Following a suppression hearing at which Mr. Westberry, his wife, and two U.S. Marshals testified, Judge Wigenton issued a written opinion crediting Mr. and Mrs. Westberry’s testimony, which was largely corroborated by one of the U.S. Marshals, and ruled that once Mr. Westberry had voluntarily surrendered himself at the doorway of the home in response to the U.S. Marshals “knock and announce,” the Fourth Amendment to the U.S. Constitution prohibited the U.S. Marshals from entering the home to conduct a protective sweep (or a a consent search) for a firearm which they believed was present in the residence. In particular, the Court credited testimony elicited on cross-examination from the lead Deputy U.S. Marshal that it was his intention to enter and search the home to find a firearm even before the Marshals knocked and announced their presence, even though he had not obtained a search warrant from a neutral magistrate.

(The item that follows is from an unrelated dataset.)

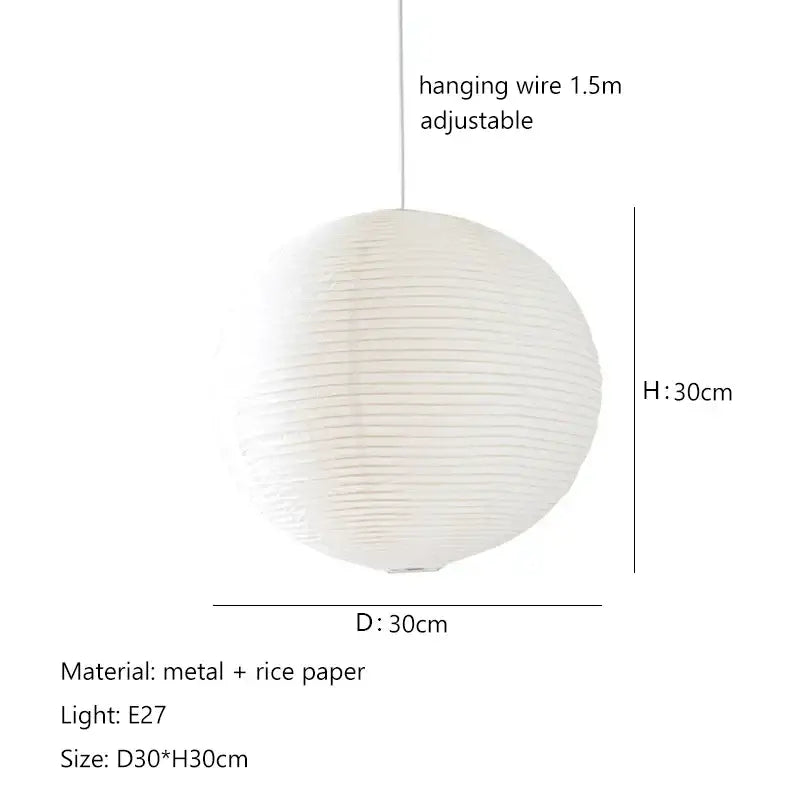 Minimalist white handwoven art pendant lamp with ribbed spherical rice paper shade by decorbites handwoven art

Mr. Berman has been honored to serve on the CJA panel for the U.S. District Court for the District of New Jersey for over 20 years. CJA attorneys are tasked with ensuring that indigent federal criminal defendants, no less than defendants who can afford to retain private counsel, receive the effective assistance of counsel guaranteed to them by the Sixth Amendment to the U.S. Constitution. It is often in CJA cases that important constitutional principles that protect the rights of all Americans from governmental overreach are vindicated, including in this case Americans’ Fourth Amendment right to be “secure in their persons, houses, papers, and effects, against unreasonable searches and seizures,” absent a judicially obtained warrant founded on probable cause.